--- DATASET Enclosed Below ---

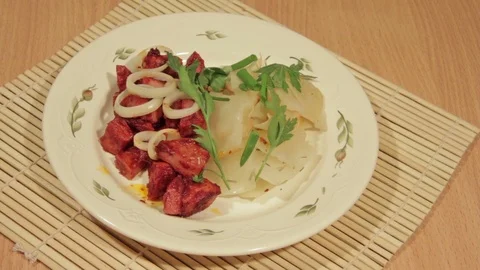 Man eating dish of cabbage with roasted meat Stock Footage 70925944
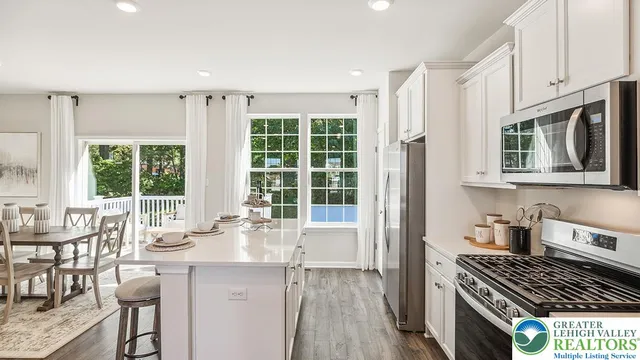 a kitchen with granite countertop a stove and a sink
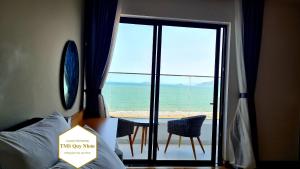 Giường trong phòng chung tại TMS Quy Nhơn Luxury Homestay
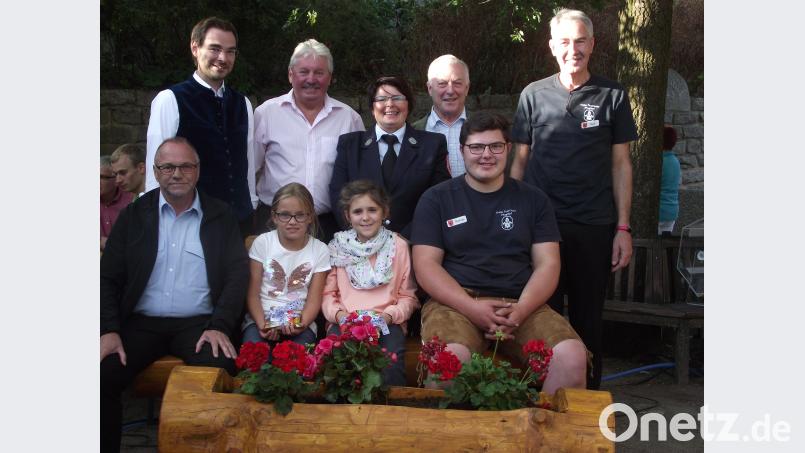 Die Hauptgewinner der Tombola. Alois Lukas (hinten, Zweiter von rechts), Auf der Bank Robert Ronke (links) und Thomas Fleischmann (rechts) mit den Glücksfeen Katharina und Lea. Es gratulieren Stephan Oetzinger und Hans Forster und die Feuerwehr Vorsitzende Sieglinde Fleischmann mit Ehrenvorsitzendem Rudi Kreis. Bild: ror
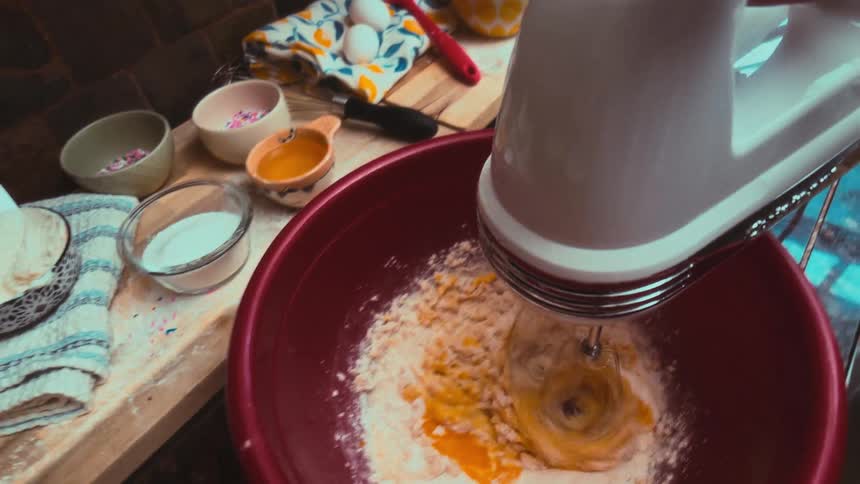 A dynamic top-down shot shows an electric mixer blending flour and an egg into batter in a red bowl for a baking recipe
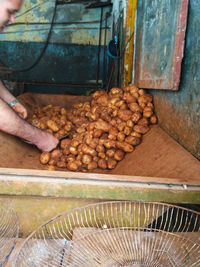 Man preparing food at market stall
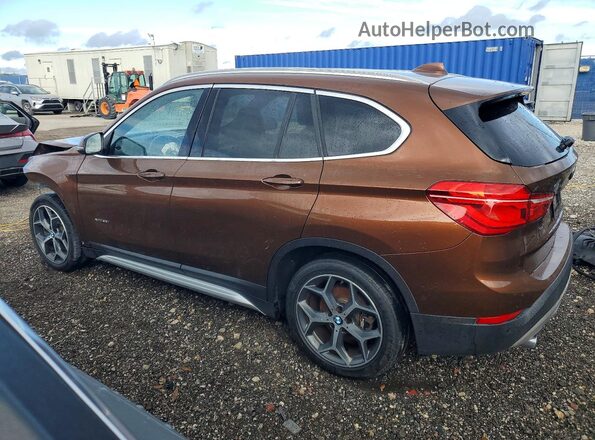 WBXHT3C33H5F82651 2017 BMW X1 Brown 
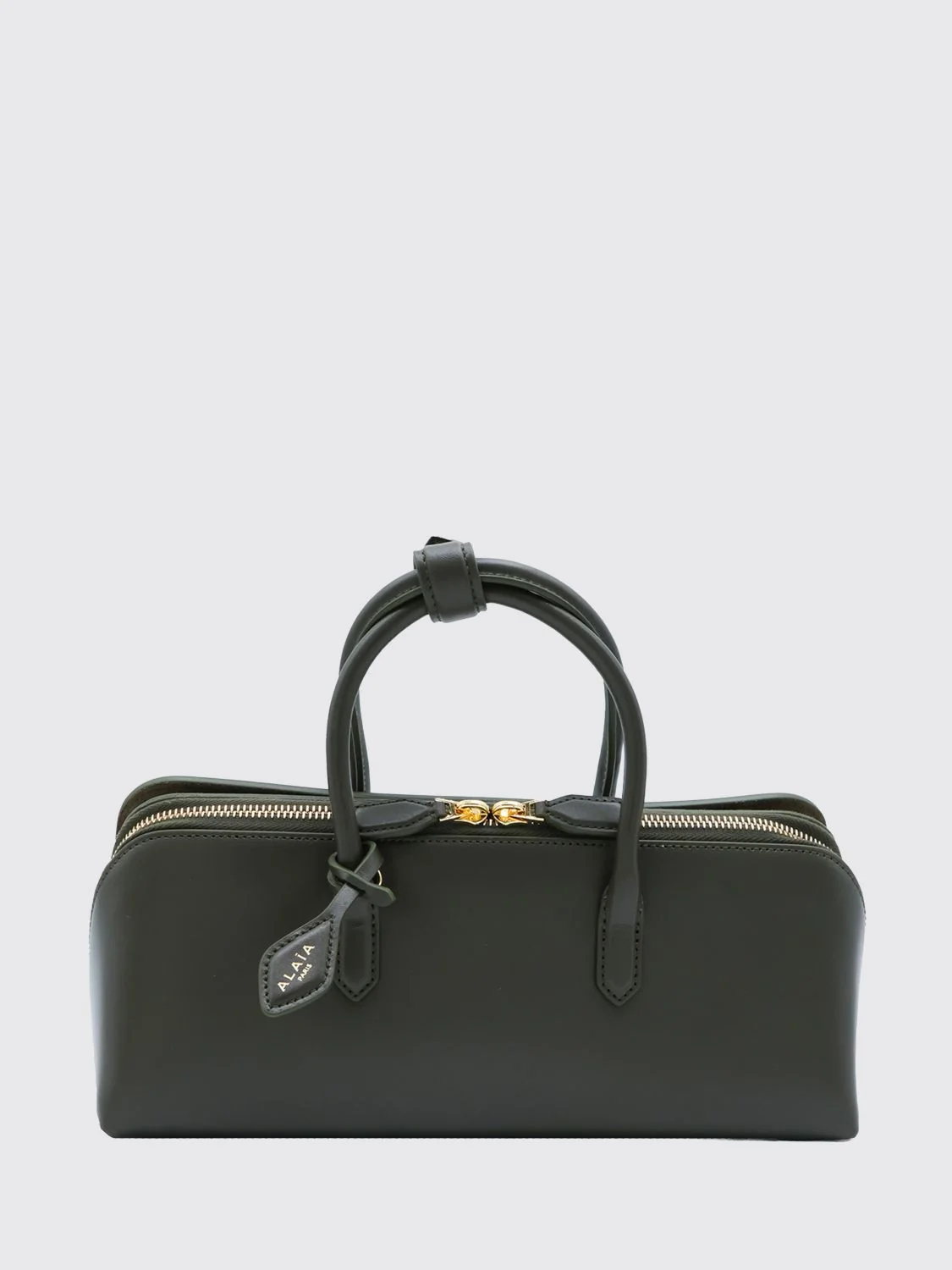 small leather handbag with double tubular handle and logo charm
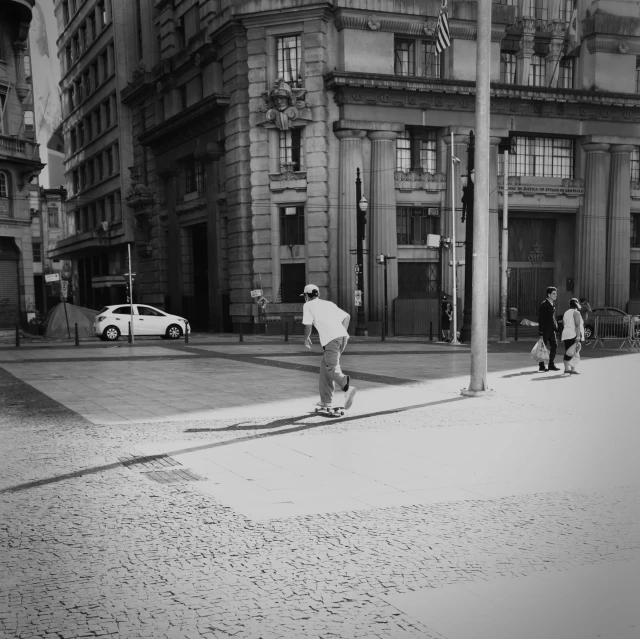 black and white pograph of a person skate boarding down the street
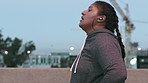 Plus size, woman and earphones in city, fitness and thinking of body goals after workout and fatigue. Streaming, music and African person with burnout on road, reflection and exercise for weight loss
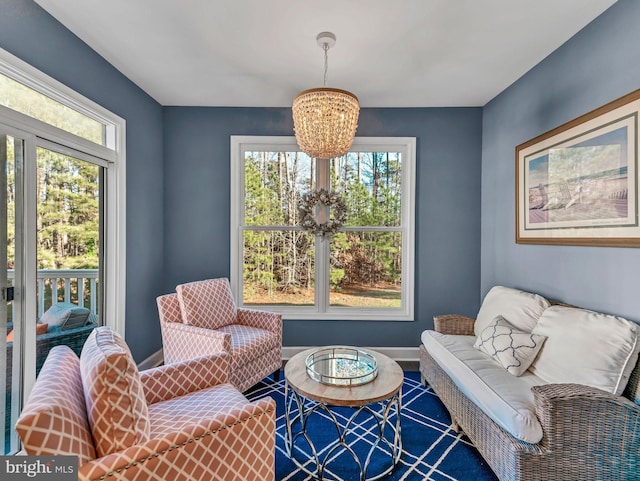 living area featuring a notable chandelier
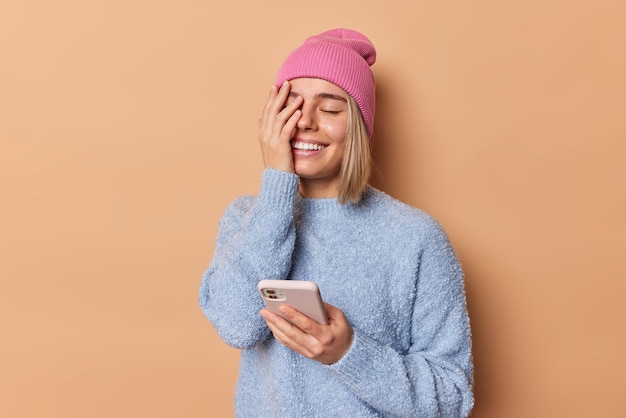 평온하고 쾌활한 귀여운 여성은 얼굴을 손바닥으로 웃게 만들고 온라인 채팅을 위해 휴대폰을 기쁘게 사용하며 분홍색 모자를 쓰고 베이지색 배경 위에 격리된 점퍼는 남자 친구로부터 즐거운 메시지를 받습니다.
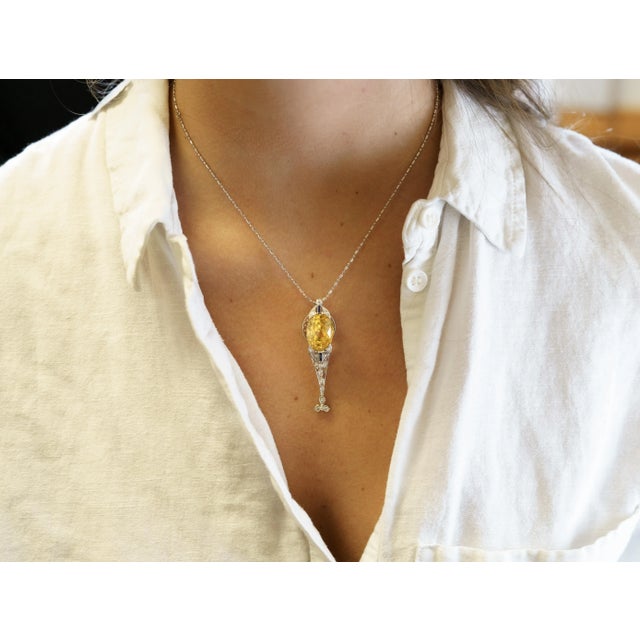 Antique Art Deco Era Platinum, Yellow Sapphire, and Diamond Pendant. This antique art deco pendant features a, non-heated...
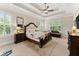 Main bedroom with a ceiling fan, tray ceilings, shuttered windows, and hardwood furniture at 4896 Locklear Way, Marietta, GA 30066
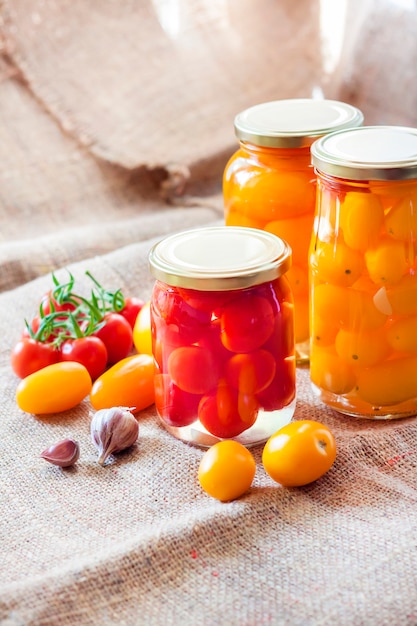 Glass jars with homemade pickled tomatoes, sealed with metal lid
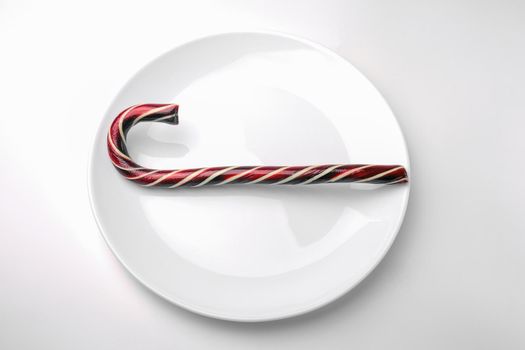caramel Christmas cane close up on a white background. High quality photo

--- End of Enclosed DATASET ---

The line containing "Plus size, woman" and every line after it, through the end of the data, are to be output exactly. Omit the pictures.

 Plus size, woman and earphones in city, fitness and thinking of body goals after workout and fatigue. Streaming, music and African person with burnout on road, reflection and exercise for weight loss
 living area featuring a notable chandelier
 평온하고 쾌활한 귀여운 여성은 얼굴을 손바닥으로 웃게 만들고 온라인 채팅을 위해 휴대폰을 기쁘게 사용하며 분홍색 모자를 쓰고 베이지색 배경 위에 격리된 점퍼는 남자 친구로부터 즐거운 메시지를 받습니다.
 Antique Art Deco Era Platinum, Yellow Sapphire, and Diamond Pendant. This antique art deco pendant features a, non-heated...
 Main bedroom with a ceiling fan, tray ceilings, shuttered windows, and hardwood furniture at 4896 Locklear Way, Marietta, GA 30066
 Glass jars with homemade pickled tomatoes, sealed with metal lid
caramel Christmas cane close up on a white background. High quality photo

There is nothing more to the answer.